═════ Entries shown

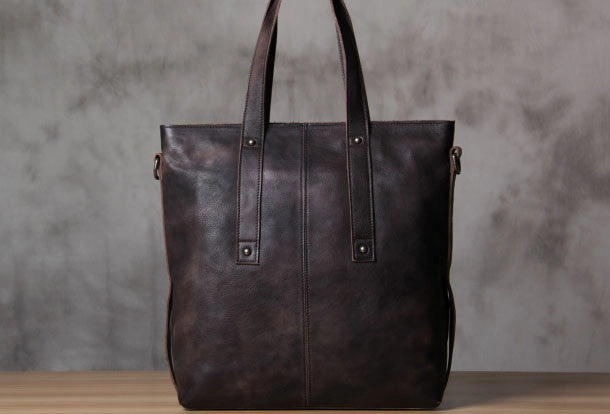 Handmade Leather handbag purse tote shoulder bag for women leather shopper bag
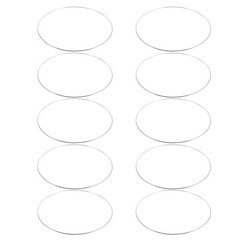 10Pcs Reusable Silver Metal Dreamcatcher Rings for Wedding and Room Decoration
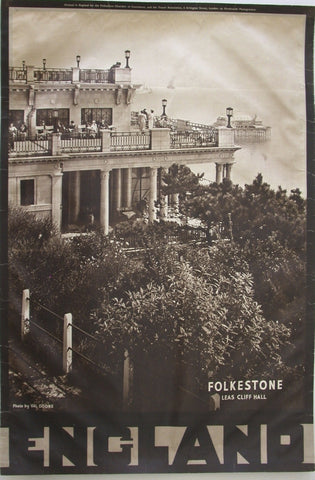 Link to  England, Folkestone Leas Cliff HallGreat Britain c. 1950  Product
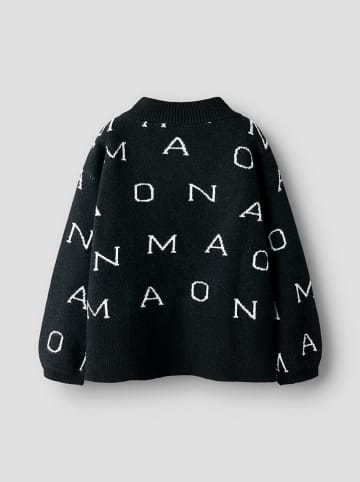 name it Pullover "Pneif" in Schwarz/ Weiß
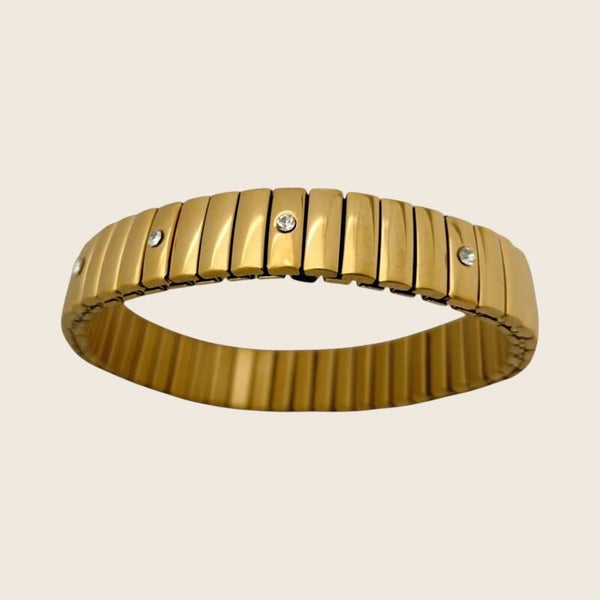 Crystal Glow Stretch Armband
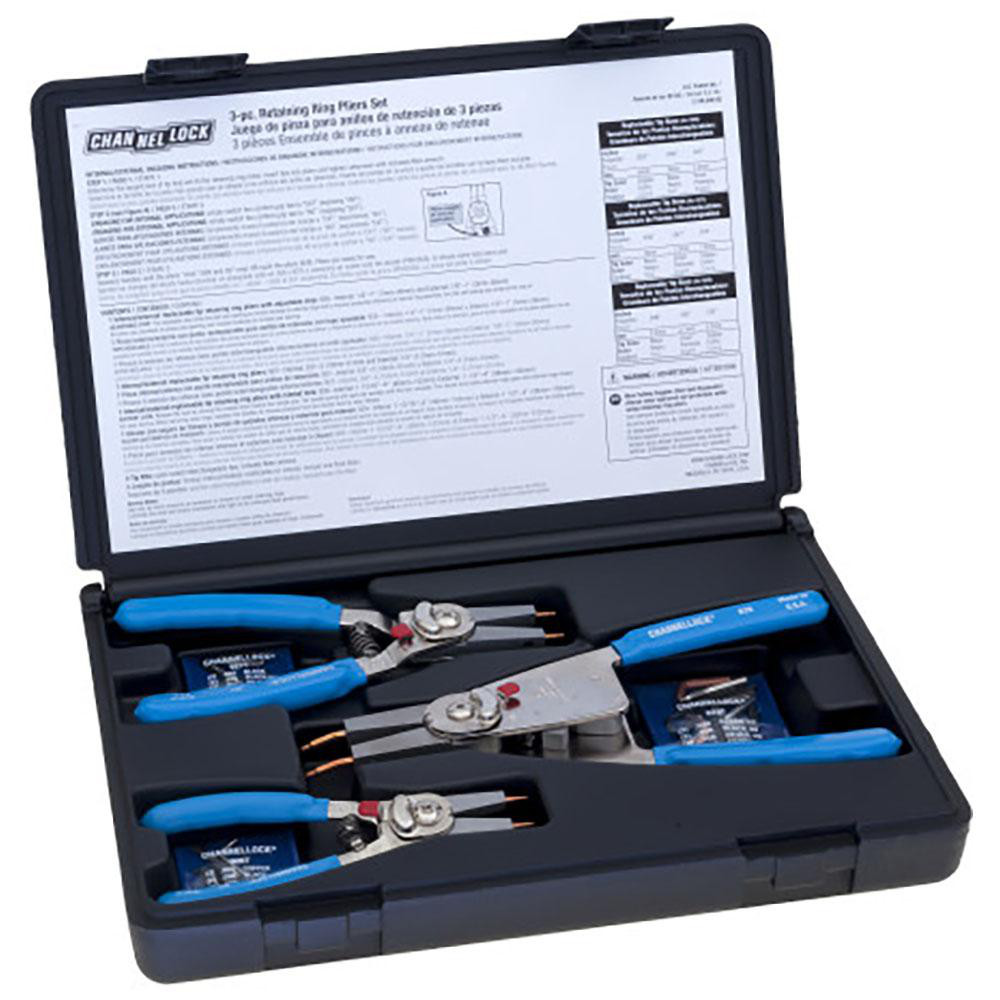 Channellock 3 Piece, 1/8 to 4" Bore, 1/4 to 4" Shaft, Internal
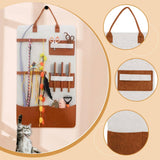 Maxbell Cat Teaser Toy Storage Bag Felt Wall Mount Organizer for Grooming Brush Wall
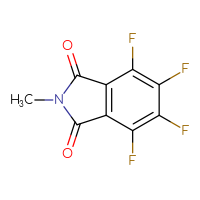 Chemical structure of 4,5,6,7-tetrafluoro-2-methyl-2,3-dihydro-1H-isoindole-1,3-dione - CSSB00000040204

══════════
═════ Entries shown

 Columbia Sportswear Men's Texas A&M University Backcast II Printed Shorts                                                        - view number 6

══════════
═════ Entries shown

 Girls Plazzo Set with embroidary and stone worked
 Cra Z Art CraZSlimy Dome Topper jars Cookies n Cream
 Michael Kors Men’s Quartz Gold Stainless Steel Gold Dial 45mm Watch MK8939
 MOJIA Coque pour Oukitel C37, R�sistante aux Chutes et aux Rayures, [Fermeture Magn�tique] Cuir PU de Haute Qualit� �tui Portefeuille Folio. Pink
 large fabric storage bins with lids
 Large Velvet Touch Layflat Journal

══════════

▸ **Problem to solve**
Report how many lines above hold the string "with", giving nothing but the number.

▸ **Response for this exercise**
2